Qual foi a viagem mais marcante?

(Silêncio). Espero sempre que seja a próxima.

E a mais perigosa?

Deve ter sido uma viagem feita a um sábado à noite numa estrada portuguesa com a malta a conduzir cheia de copos e de drogas e a pôr a vida de inocentes em perigo. Continuo a achar que, aos sábados à noite, as estradas portuguesas são dos sítios mais perigosos do mundo, e parece que nem o FMI vai alterar isso…

Mais perigosas do que atravessar o continente africano?

Claro! Quando o viajante está sozinho num lugar que desconhece, tem as defesas todas em alerta, e então está muito mais protegido. Mais depressa sou assaltado por um carteirista no Metro de Lisboa do que no continente africano ou asiático.

Já foi assaltado?

Sim… no Metro de Lisboa.

Tem um país ou sítio de que goste particularmente?

Isso é como perguntar a uma criança se gosta mais do pai ou da mãe. Gosto muito da América do Sul, do lado do Pacífico, incluindo a Patagónia (na Argentina), da África Austral e da Europa. Penso que o lugar mais fascinante do mundo é o nosso passado (Europa). Gosto imenso de viajar pela Europa, por todo esse diálogo com o passado que outras regiões do mundo não permitem.

Como consegue conciliar a sua vida familiar com as viagens?

Há 20 anos que ando nisto. Portanto, o que eu faço é a minha vida.

É casado, tem filhos?

Não. São opções. Como se costuma dizer, não podemos ter o mesmo pé em duas botas.

Uma viagem que ainda não fez mas que gostava de fazer…

Há muitas, e não têm tanto a ver com o destino em si, mas sim com a idade. Isto é, há muitas viagens que ainda não fiz porque ainda não tenho idade para as fazer. Quero voltar a alguns dos lugares onde já estive e olhar para eles com outra perspetiva.

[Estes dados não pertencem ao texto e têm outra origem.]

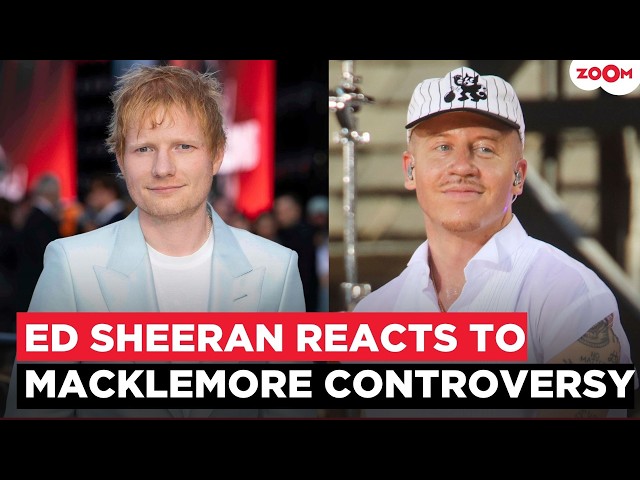 Ed Sheeran REACTS to Macklemore’s removal from tour over ‘Free Palestine’ remarks | Hollywood News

Que notoriedade tem Portugal no mundo, para lá das fronteiras da lusofonia?

(Portugal) é um dos países mais pequenos e ignorados do mundo. Só mesmo quem tiver educação superior poderá chegar ao conceito, à ideia de pátria portuguesa. Nos países onde o futebol é importante, Portugal é conhecido pelos seus jogadores. Mas basta chegar a África do Sul ou aos Estados Unidos, por exemplo, onde o futebol conta pouco, e não há notoriedade nenhuma.

Sente saudades de Portugal, sente-se mais português, quando se encontra fora do país?

Não posso dizer que sinto saudades, porque elas impedem um trabalho bem feito. Ou seja, estar a pensar no regresso ou noutro lugar retira concentração. Em relação a sentir-me mais português, isso é algo que eu combato, porque perdemos a objetividade quando nos deixamos levar por sentimentalismos.

Que visão do mundo, da vida e das pessoas as viagens lhe têm proporcionado?

Uma das coisas que eu aprendi viajando pelo mundo é relativizar tudo. Essa é a primeira grande lição que mudou a minha vida. E há outra que também é importante: em termos globais, são mais as semelhanças que nos unem do que as diferenças que nos separam.

Se pudesse convidar uma figura histórica para viajar consigo, sobre quem recairia a escolha?

A Sofia Loren dos anos 50 (risos).

Quando está no estrangeiro, diz que é da Figueira da Foz ou de Coimbra?

Digo que sou do Porto. Coimbra não serve, não chega ao mundo. É muito difícil que a partir de Coimbra consigam perceber de onde sou. E depois tem outra vantagem: toda a gente conhece o Futebol Clube do Porto.

Qual vai ser a sua próxima viagem?

“A Peregrinação”, que ainda não concluí, sobre a qual ando a fazer uma investigação para avançar com um livro.